This invention relates to hydraulic systems and, more specifically, to flow control in hydraulic systems.
Many hydraulic systems in use today utilize pumps that are pressure compensated and/or flow and pressure compensated. When the outputs of such pumps are directed to hydraulic motors such as double-acting hydraulic cylinders, some means must be provided to match the flow of fluid from the pump to the motor with the flow of fluid from the motor to the system reservoir. Such flow matching not only prevents cavitation in so-called negative load conditions, but also prevents the increasing of pump output pressure which would occur due to the operation of its pressure compensation circuit if the flows were not matched.
Flow matching, while attainable, is an expensive feature in a hydraulic system in that it requires the provision of controlled size orifices or matched springs in flow control valves when achieved according to many prior art teachings.

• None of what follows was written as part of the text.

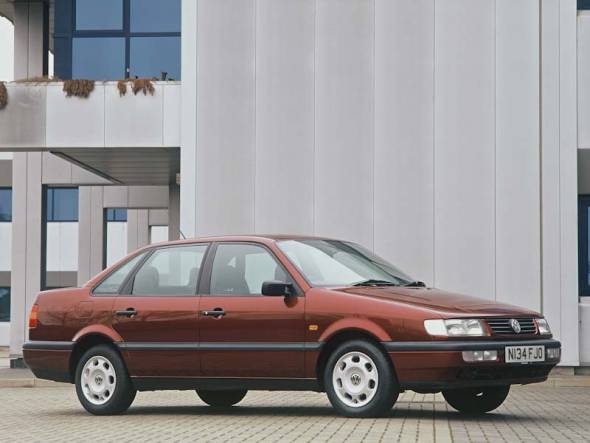 Volkswagen Passat (1988 - 1997) used car review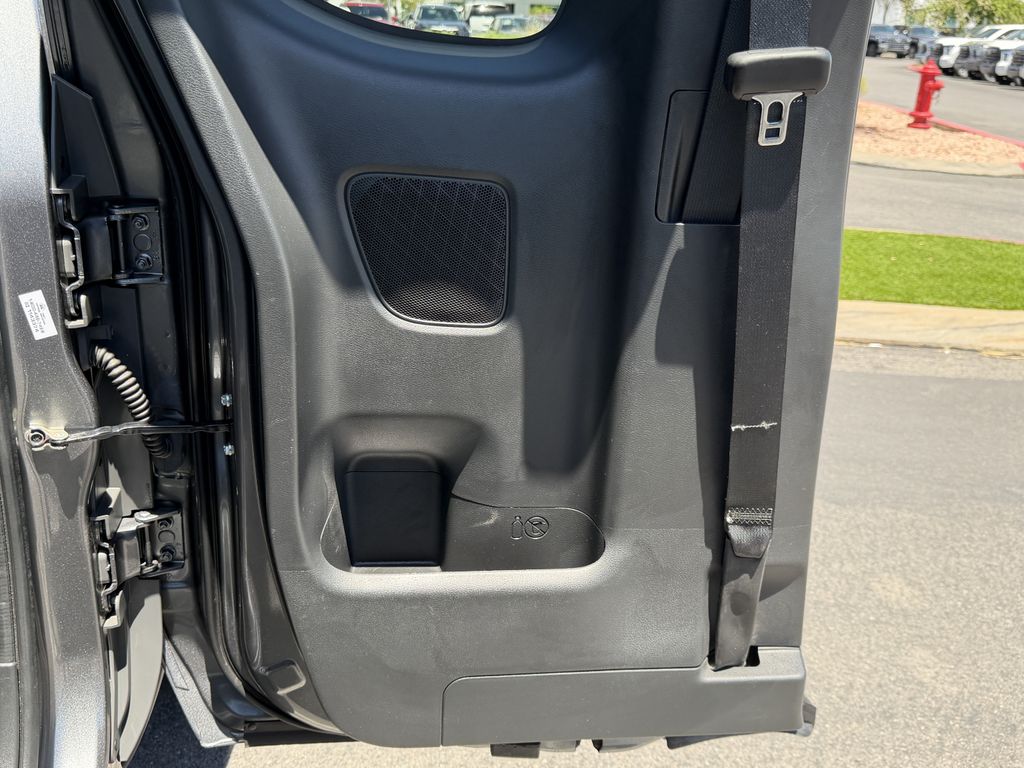 Used 2024 Nissan Frontier Truck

When achieved according to other prior art teachings, it has been accomplished solely by monitoring the exhaust flow from the hydraulic motor and, as a practical matter, this has resulted in rather unwieldy valve designs requiring many cores for the various passages and cross connections of certain of the cores. This, in turn, has required the use of bridging elements which may be subject to leakage, thereby decreasing system efficiency and/or the location of fluid ports in a large variety of planes within the valve body, all of which add considerable expense to the cost of the valve.